2019 war das Jahr der Frauen. Namentlich der nationale Frauenstreik im Juni hat die Anliegen der Frauenrechtsbewegung ins kollektive Bewusstsein gerückt: Hundertausende Demonstrierende standen ein für Lohngleichheit, gegen sexuelle Diskriminierung und für die Anerkennung von Care-Arbeit.
Andrea Maihofer, eine Pionierin der Geschlechterforschung in der Schweiz, hat den Frauenstreik-Tag in lebhafter Erinnerung. «Das war ein eindrucksvolles, grossartiges Ereignis.» Sie sei überwältigt gewesen von den vielen Menschen; davon, dass an einem generationenübergreifenden Anlass Grossmütter und Enkelinnen zusammen auf die Strasse gegangen seien. Aber, betont Maihofer, man habe an diesem Tag auch gesehen, dass beim Frauenstreik nicht nur Frauenanliegen im engeren Sinne thematisiert worden seien, sondern auch Homophobie, Transphobie und Rassismus - also verschiedene Formen der Diskriminierung, die indes alle miteinander verwandt seien.
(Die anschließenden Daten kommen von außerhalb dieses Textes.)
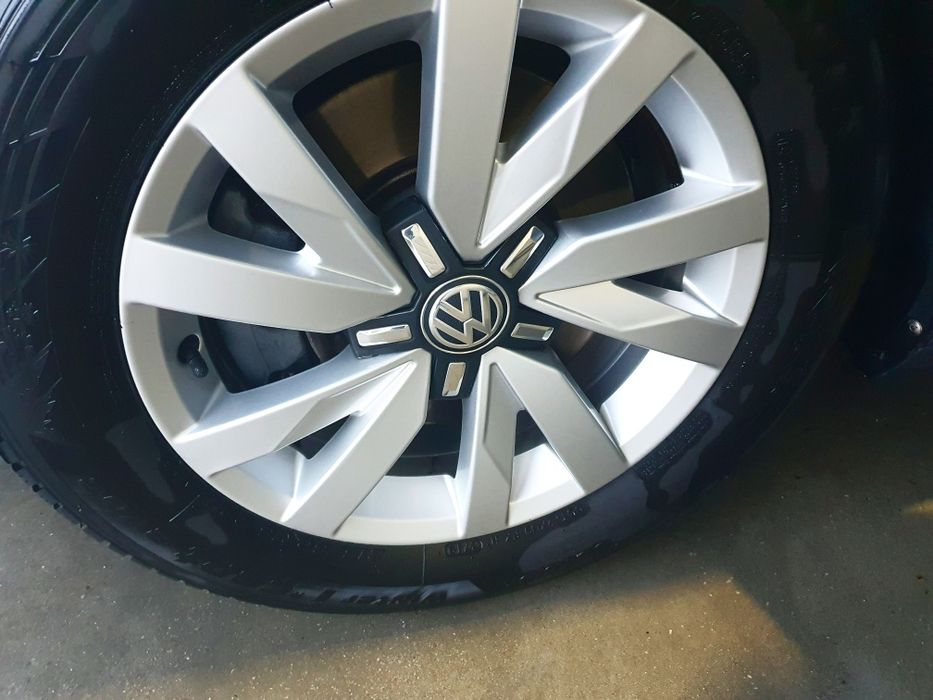 Оригинални джанти VW Фолксваген с гуми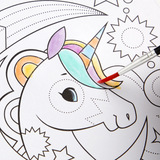 Unicorn Dreams Painting Kit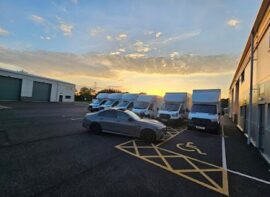 LP Logistical Transport Services Ltd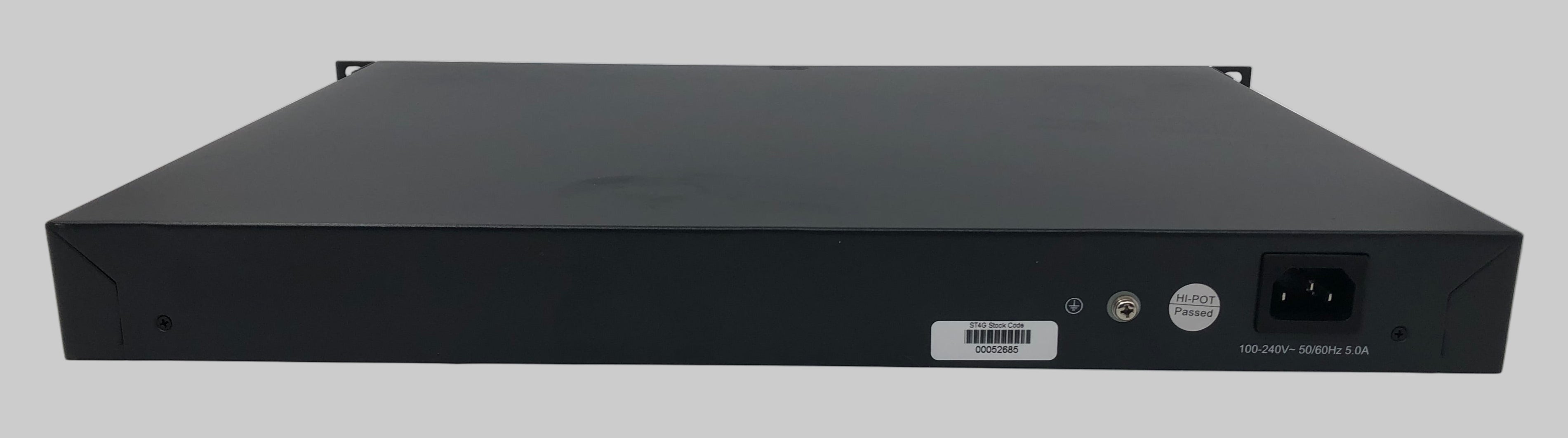 TP-Link TL-SG3424P JetStream Gigabit Managed PoE Switch TL-SG3424P #G8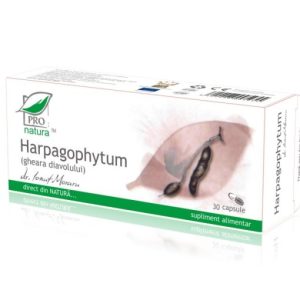 HARPAGOPHYTUM 30CPS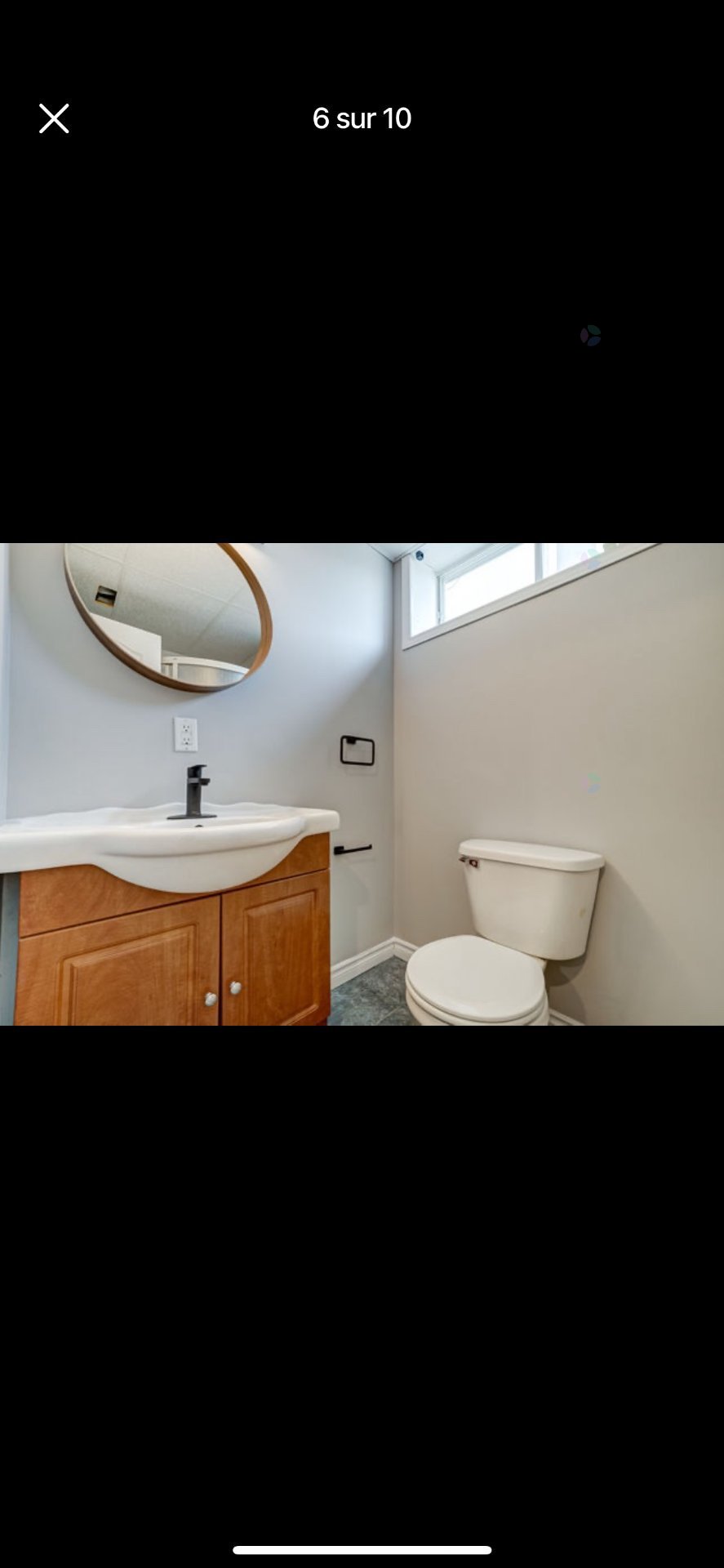 Salle de bains
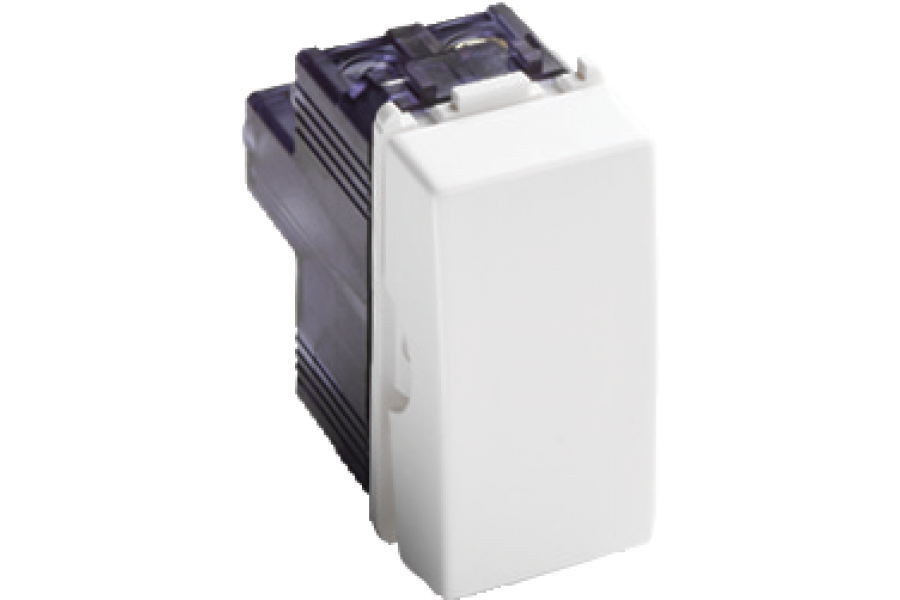 Aparato multifunción interruptor 1P o 2P, conmutador 1P pulsador NA/NC 16A 250V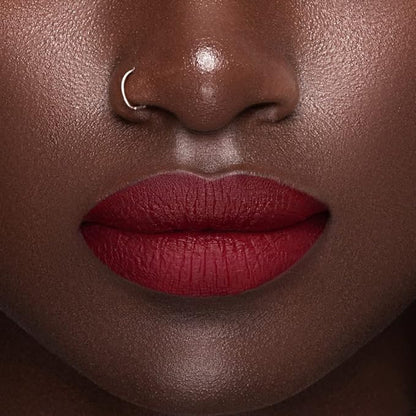 Beauty Bakerie Lip Whip Liquid Matte Lipstick, Long Long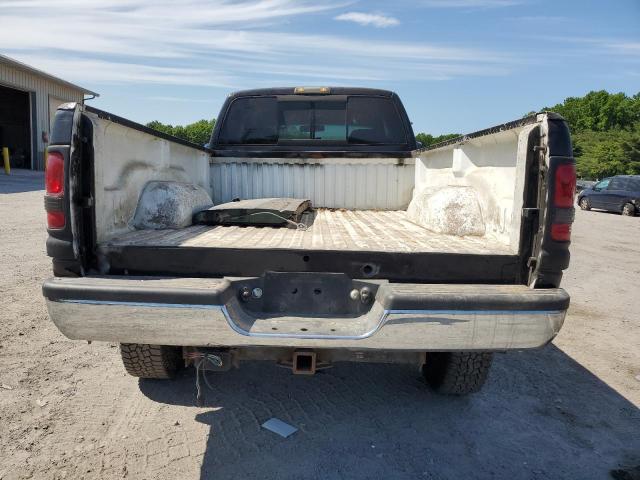 Photo 6 from auction – 2002 DODGE RAM 2500 with VIN 3B7KF23682M223731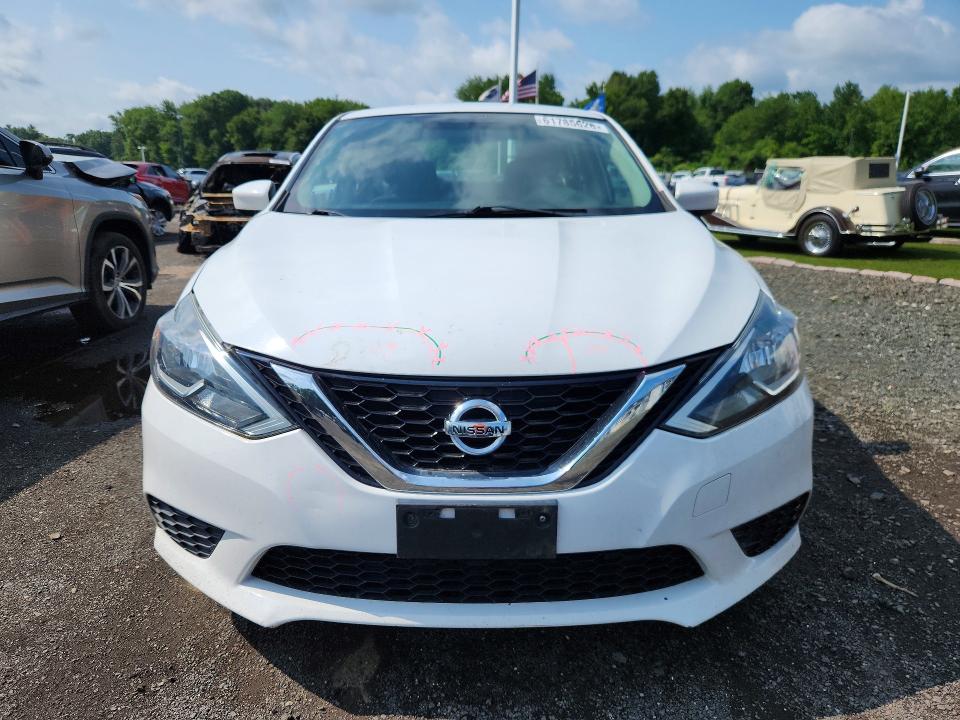 61785626 :رقم المزاد ، 3N1AB7AP6GY292422 vin ، 2016 Nissan Sentra مزاد بيع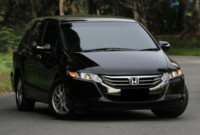 Tips Membeli Honda Odyssey RB Bekas
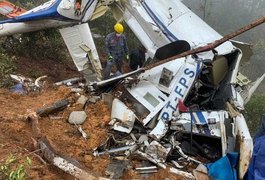 Resgatados seis corpos um dia após queda de helicóptero em São Paulo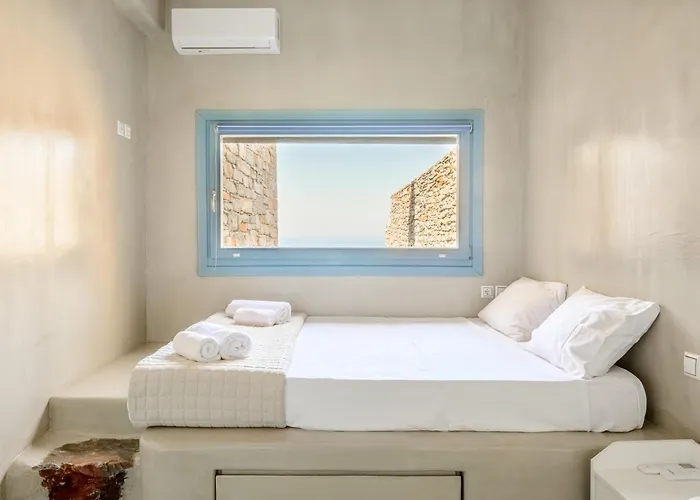 Sunset Heaven On Kea Villa Korissia (Kea)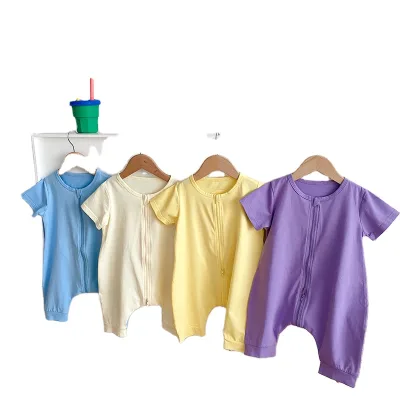 2024 Hot Sale Baby Summer Sleeping Bag Baby Clothing for Sleeping
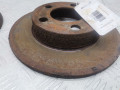диск тормозной задний Volkswagen Golf 4 поколение 2002, 1.4 л., МКПП, хетчбэк 3 дв., 2Q0615601H - фото №3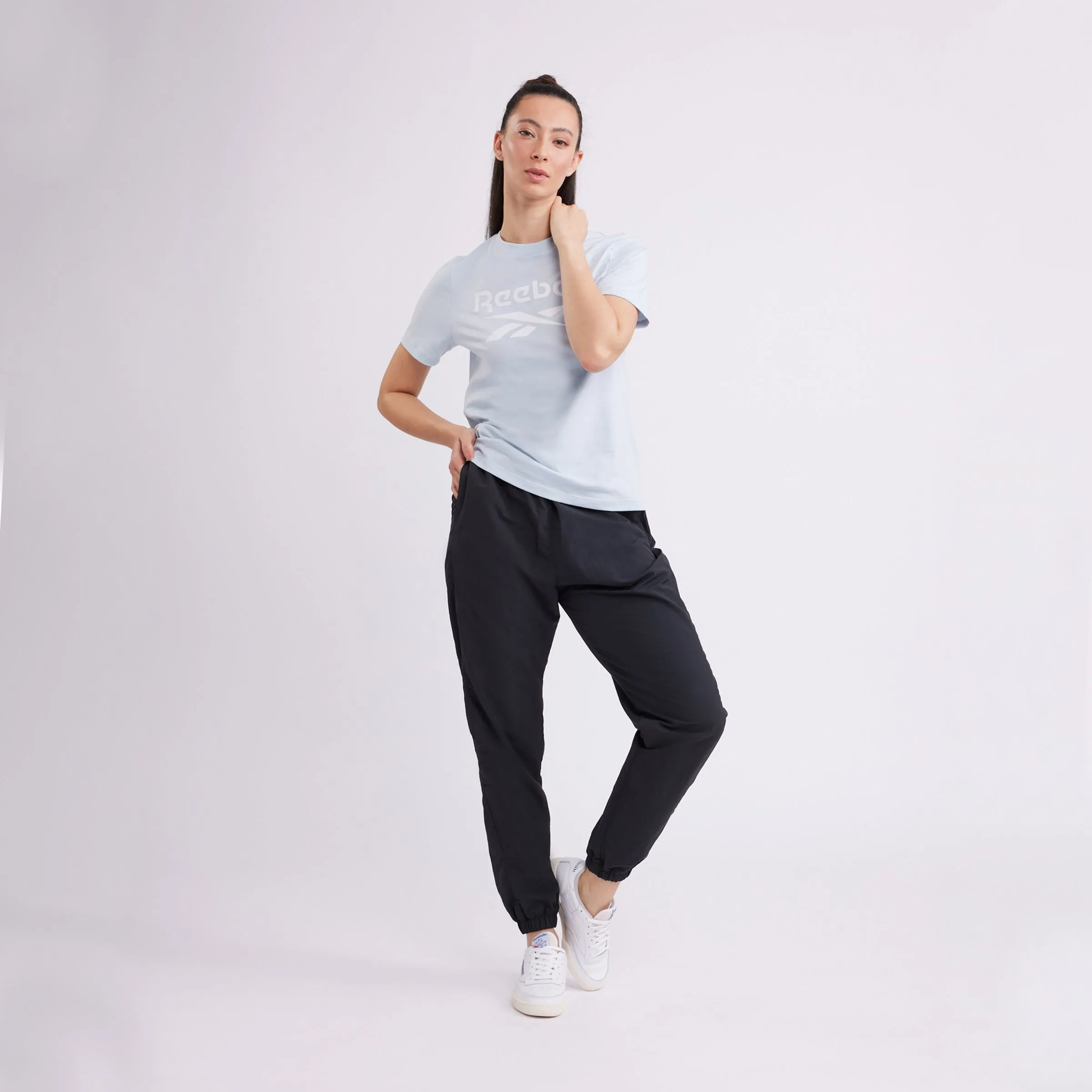 Reebok  It Tee Feel Good Blue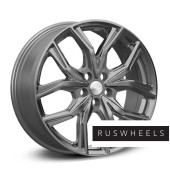 Диски Скад R19 / 8J PCD 5x120 ЕТ 43 ЦО 72.6 Арика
Diese Formen der Diskriminierung aufgrund des Geschlechts untersucht Maihofer seit vielen Jahren. Seit 2001 ist sie Professorin für Geschlechterforschung an der Universität Basel, leitet dort das Zentrum «Gender Studies». Sie gehöre zu jener Generation von Wissenschaftlerinnen, welche die Entwicklung der Frauenforschung hin zur Geschlechterforschung vorangetrieben haben. «Es ist ein unglaublich breites Gebiet, dass de facto jeden einzelnen Menschen betrifft.»
In ihrer jahrelangen Tätigkeit habe sie zunehmend erkannt, wie tiefgreifend Geschlechterfragen unsere Gesellschaft prägten. «Unsere Sozialisation teilt praktisch jeden Lebensbereich in weiblich oder männlich ein, von Arbeiten im Haushalt, über Berufsgruppen bis hin zu gewissen Charaktereigenschaften», sagt Maihofer. «Und von diesen Einteilungen und den daraus folgenden Diskriminierungen sind nicht nur Frauen betroffen, sondern alle - auch Männer leben ja in dieser noch immer vorherrschenden patriarchalen Gesellschaft, und längst nicht alle sind darin glücklich.»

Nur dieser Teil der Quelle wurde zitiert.